Aberration - titre de cette pièce donnée en première mondiale, jusqu’à dimanche, avant Strange Fruit dès mercredi- imprime son mystère dans les esprits. Rien d’hermétique pourtant. Emmanuel Eggermont, sa silhouette de page, son regard obnubilé par un paysage secret, sa technique classique chahutée par des inspirations multiples, composent un univers cohérent et personnel, perméable à toutes nos rêveries.

Voyez comment il vous entraîne dans son monde. Il se profile au fond de la scène, capuche blanche de skateur ou de moinillon, démarche lente accordée à des secousses intra-utérines. Un appel venu de très loin. Cette bande-son conçue par le musicien Julien Lepreux, complice du chorégraphe, est un territoire effervescent, organique d’abord, liturgique dans un moment, symphonique à l’improviste. 

Son «Lac du cygne»

Car voilà que retentit une musique d’orgue. Et que le skateur de tout à l'heure arbore une cornette de nonne. A moins que ce ne soit une mitre de carnaval. Mais c’est un bec de cacatoès à présent. L’artiste détricote à vue les mailles de l’histoire. Il flirte avec le ciel comme un ptérodactyle. Plus tard, libéré de son attirail de théâtre, il vous emportera dans sa fugue, bras éoliens, fluide comme pour un envol d’opéra. C’est son «Lac du cygne». 

Si on plane, c’est que ses métamorphoses coulent de source, qu’elles ne relèvent pas de la parade, mais de la labilité du songe. Emmanuel Eggermont, c’est l’Orlando de Virginia Woolf. Un poète tête en l'air qui change de corps, de sexe et de siècle selon sa fantaisie, médiéval à un moment, cyborg à un autre. 
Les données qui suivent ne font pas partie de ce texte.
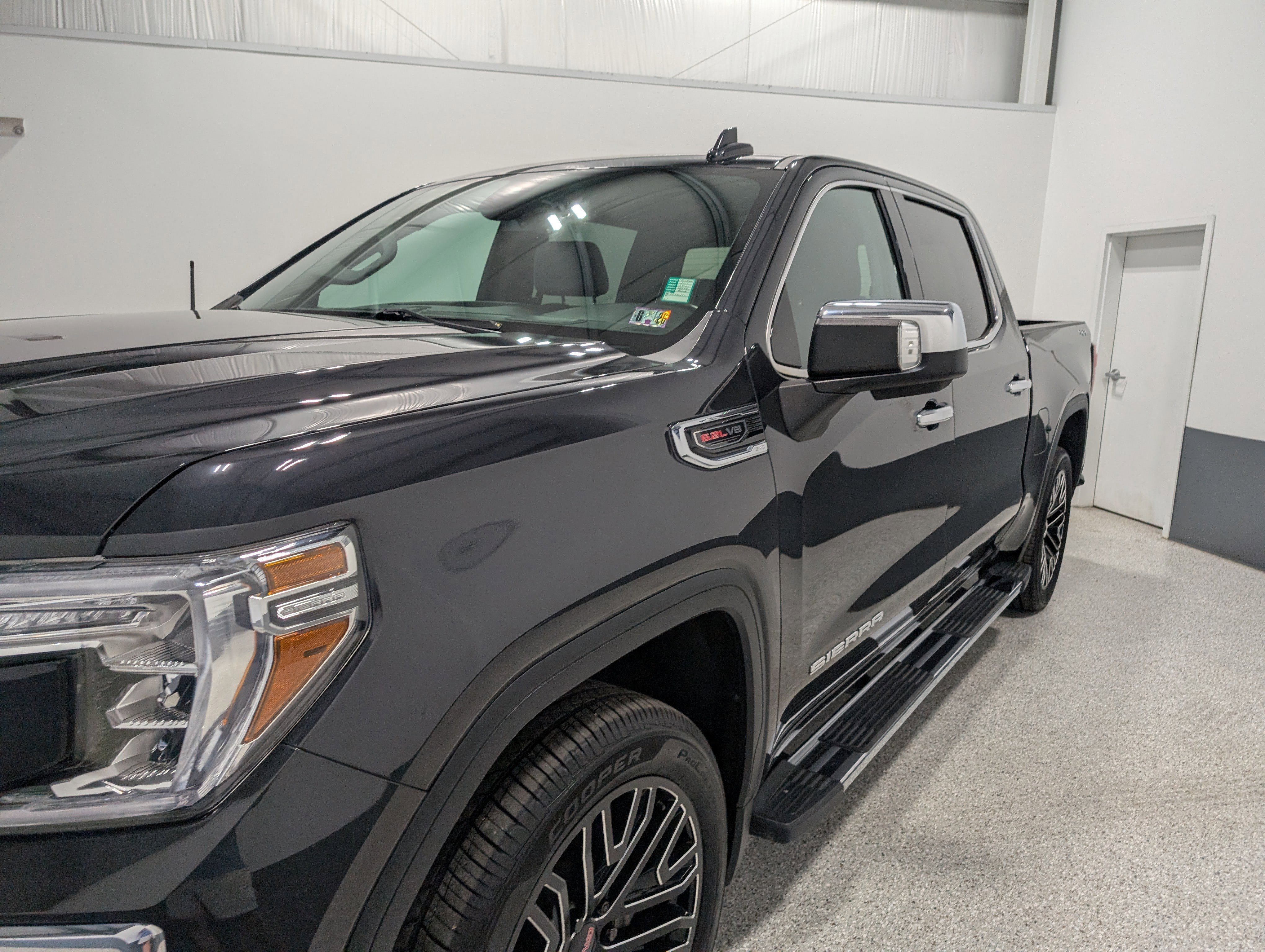 Used 2020 GMC Sierra 1500 SLT w/ SLT Premium Plus Package image 7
Aberration est le buvard de douleurs contemporaines, raconte l’artiste après la représentation. A l’origine de la pièce, il y a cet intérêt pour les traces que laisse la violence dans les corps et les cerveaux. Il a rencontré des personnes blessées en voie de guérison. Il a lu le journal d’un rescapé des attentats du Bataclan. Il a réfléchi aux condition d’une reconstruction, à ce qu’on peut édifier au milieu des ruines intérieures.

L'obsession de la matière

De ses récits, il s’est détourné ensuite, afin qu’ils infusent. Emmanuel Eggermont n’est pas écrivain, mais chorégraphe, c’est-à-dire aussi plasticien dans son esprit. Il modèle des textures. Pour Polis, en 2017, il avait choisi de fondre son mouvement dans le noir, sur les traces  du peintre Pierre Soulages. Pour Aberration, il a opté pour le blanc, cette couleur qui est une promesse, et pour un rideau à lamelles verticales qui permet de diffracter une vision. 

L’artiste a l’obsession des matières. Avec la vidéaste et photographe Jihyé Jung, l’éclairagiste Alice Dussart et le compositeur Julien Lepreux, il a élaboré, touche après touche, son oeuvre. «Dans mes créations, tout se construit simultanément. Il n’y a pas de hiérarchie entre un son, un geste et une lumière. Tout doit s’intriquer.» «Connexion» est le leimotiv du danseur. «L’interprète doit être connecté à la matière, à l’instant qu’il vit, au public aussi. C’est lui qui élabore le sens de ce qu’il voit.»

Au studio, pendant les répétitions, il veille au poids de l’image aussi bien qu’à celui du geste. Pas pour épater, mais pour ne pas se trahir, pour que le mot de présence ne soit jamais une formule creuse. Emmanuel Eggermont danse depuis treize ans pour Raimund Hoghe, cet écorché doux, qui a été le dramaturge de Pina Bausch et qui distingue nos fragilités d'une pièce à l'autre. «Il m’a appris à chercher la beauté et à ne pas en avoir peur.» Dans ses habits d'infant, Emmanuel Eggermont vous prête un peu de son feu pâle.